Hedda Hopper ünlü alıntılar

son güncelleme : 5 Eylül 2024

other language: spanish | czech | german | french | italian | slovak | turkish | ukrainian | dutch | russian | portuguese

Hedda Hopper
  • Kocam hayattayken konuşmama izin verilmedi ve o gittiğinden beri kimse beni susturamadı.

  • Hollywood'da şükran bir Numaralı Halk Düşmanıdır.

  • Kasabamızın gözden düşenlere uyguladığı en acımasız, en ilkel cezalardan ikisi boş posta kutusu ve sessiz telefon.

  • Hollywood her zaman kalbi kırık bir kasabaydı, ancak dünyanın çoğu burayı Shangri-La, Kral Süleyman'ın madenleri ve Fort Knox'un 24 ayar altından oluşan büyük bir topun içine yuvarlandığını hayal ediyordu.

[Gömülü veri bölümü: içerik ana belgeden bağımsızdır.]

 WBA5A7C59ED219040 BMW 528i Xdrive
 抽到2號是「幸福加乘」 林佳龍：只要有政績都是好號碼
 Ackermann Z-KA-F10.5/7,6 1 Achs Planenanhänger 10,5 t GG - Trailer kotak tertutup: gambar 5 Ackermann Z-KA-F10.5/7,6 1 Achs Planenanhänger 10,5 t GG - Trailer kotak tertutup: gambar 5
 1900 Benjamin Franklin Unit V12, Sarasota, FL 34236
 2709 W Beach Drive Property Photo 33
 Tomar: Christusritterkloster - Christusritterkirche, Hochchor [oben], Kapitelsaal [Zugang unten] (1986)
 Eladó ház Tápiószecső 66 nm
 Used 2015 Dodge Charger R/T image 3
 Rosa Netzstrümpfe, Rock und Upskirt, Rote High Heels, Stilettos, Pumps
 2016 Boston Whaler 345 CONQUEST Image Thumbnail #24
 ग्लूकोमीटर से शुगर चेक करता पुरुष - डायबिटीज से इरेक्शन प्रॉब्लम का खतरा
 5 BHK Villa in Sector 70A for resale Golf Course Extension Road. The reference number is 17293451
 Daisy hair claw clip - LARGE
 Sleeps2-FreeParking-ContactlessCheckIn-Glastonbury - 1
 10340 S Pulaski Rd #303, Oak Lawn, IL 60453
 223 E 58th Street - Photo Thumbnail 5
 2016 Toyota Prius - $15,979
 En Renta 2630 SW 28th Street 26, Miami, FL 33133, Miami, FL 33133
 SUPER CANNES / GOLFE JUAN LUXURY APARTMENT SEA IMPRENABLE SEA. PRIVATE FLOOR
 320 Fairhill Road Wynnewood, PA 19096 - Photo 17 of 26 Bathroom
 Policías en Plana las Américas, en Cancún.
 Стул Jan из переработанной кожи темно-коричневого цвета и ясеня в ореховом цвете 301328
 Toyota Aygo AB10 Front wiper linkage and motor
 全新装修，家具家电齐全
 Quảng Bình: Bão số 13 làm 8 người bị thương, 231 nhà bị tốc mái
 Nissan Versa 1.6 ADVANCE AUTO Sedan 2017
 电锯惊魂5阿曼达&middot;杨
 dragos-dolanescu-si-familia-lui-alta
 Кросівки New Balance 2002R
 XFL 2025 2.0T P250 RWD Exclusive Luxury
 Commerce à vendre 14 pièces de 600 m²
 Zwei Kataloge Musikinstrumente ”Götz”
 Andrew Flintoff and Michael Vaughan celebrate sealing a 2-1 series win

  • Akıllı yazarlar, kasabamızdaki hicivlerinin neden asla başarılı olmadığını asla anlamazlar. Kabul etmeyi reddettikleri şey, bir hicivin hicvini yapamayacağınızdır.

  • Kasaba hakkında ne söylersen söyle, ve muhtemelen doğru söylediğin her şey, hiç böyle bir şey olmamıştı.

  • Sinema işini yürüten dahiler, halkın istediği şeyin eskiden filmlerin yapıldığı hayaller değil, gerçekçilik olduğuna karar verdiklerinde cazibeyi öldürdüler.

  • Basın ajanı - övünmesini bir yıldıza bağlayan bir adam.

  • Bu hayatta yoksulluğu alabilirsin, başarısızlığı alabilirsin, büyük şeyleri alabilirsin; içinde seni yok eden küçük kederlerdir.

  • Yaratıcılık ve yetenek söz konusu olduğunda, genel olarak televizyon bir kuruş dükkanı işi haline geldi. Yarım saat altmış dakikalık seri, içinde ara sıra jambon bulunan fasulye kutuları gibi üretim hatlarını sallıyor.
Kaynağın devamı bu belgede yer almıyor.